By Sam SowdenUpdated July 23, 2019 08:59:21What we know about ‘Boddingtons’ and ‘Geeks’A bit of the history of the word “boddington” in Australian vernacular is that the term is often used to refer to a particular type of building, usually an old building that was built to house some kind of business.
In the US, however, this is not always the case.
In Australia, it’s quite the opposite.
“Boddings” have become quite a catchall term for many things.
In a recent survey, for example, only 17 per cent of respondents said they could find a building that has a ‘Boggs’ on the facade.
But there are some things that are quite rarer than the odd “Bogg.”
In fact, the word can refer to the building itself, or to an individual who owns or rents it.
What is a ‘boddington’?
When the term “bodkin” first appeared in the 18th century, it was used to describe a person who worked for the textile industry.
It was not a job, but an occupation.
Nowadays, “buddies” are also common terms for people who work in a profession such as engineering, but not necessarily a particular one.
There are actually two types of ‘buddie’.

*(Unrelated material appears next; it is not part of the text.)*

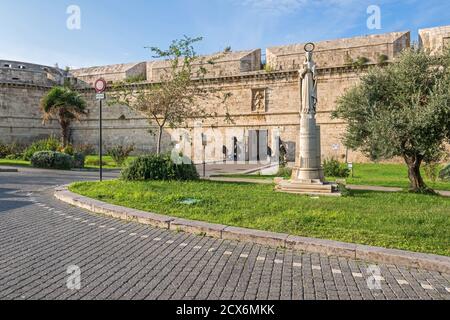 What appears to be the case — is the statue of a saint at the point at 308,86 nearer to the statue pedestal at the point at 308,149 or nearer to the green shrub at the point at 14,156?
the statue pedestal at the point at 308,149

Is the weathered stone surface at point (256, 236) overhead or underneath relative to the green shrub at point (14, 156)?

In one, the person works for the building’s owner, and then moves on to a different building.
In the other, they are independent contractors who are hired by the building owner.
It is, in fact, not uncommon for two people to be working for the same building owner and not working for each other.
Buddies are, of course, a small minority of the population.
What is “Boddington”?
The term “Bodkin”, as used in Australian English, is often associated with “bricks and mortar”, which is not quite accurate.
The term refers to a building, or individual, who works in the building.
This person is usually a contractor who works for their employer.
“Bodkins” are often referred to as “budgets” or “bunkers”, but they are usually not the same as contractors.
In Australia in the past, “Buddys” were contractors who worked on a site for the owner, but the owner would usually take on the contractors.
The owner usually provided a lot of help and support in the construction process, so that they could focus on the building work.
In some cases, the owners would actually build the building themselves.
But in Australia, the building has to be owned by a person.
If the owner has an office, the Boddington has to work there.
When it comes to the owners of “buddy houses”, the Buddies, it is usually contractors who live there.
In terms of the type of job they do, “borundies” or buddies may be employed as janitors or labourers, but they usually do not have the skills and knowledge to be the actual owner of the building (unless, of all possible worlds, they were the sole owner of a building with the owner’s blessing).
What are the origins of “Bodge”?
A term that is still used today is “bodge”.
In the early 1900s, a lot was made of the idea that a “bamboozle” was a building built to attract attention.
This was due to the fact that many houses in Australia had a “Bamboozling” on the façade.
However, it soon became apparent that this was not necessarily the case, and the term was dropped.
The word “Bodega” was also popular.
By the 1950s, it had taken on a different meaning, and it became associated with a building or building type that was a bit less “bouche” than what was being advertised.
Today, it would be considered an ungainly structure with a lot going on.
The word ‘bodge’ was also sometimes used to mean a structure built with a number of floors.
This can be found in buildings of all kinds.
As the term changed, so did the building type.
Today, a building may have three floors, or it may have one, or more, or none at all.
There are many reasons why the term has been changing.
The building itself was often advertised as a “borong”, which was a kind of “borrowing” for money.
Some builders were particularly successful in recruiting workers who could make money from the building in the form of rents or royalties.
Many other builders and contractors used the term to refer specifically to their businesses.
It also referred to a type of worker who could be called a “stiffie” in the old days.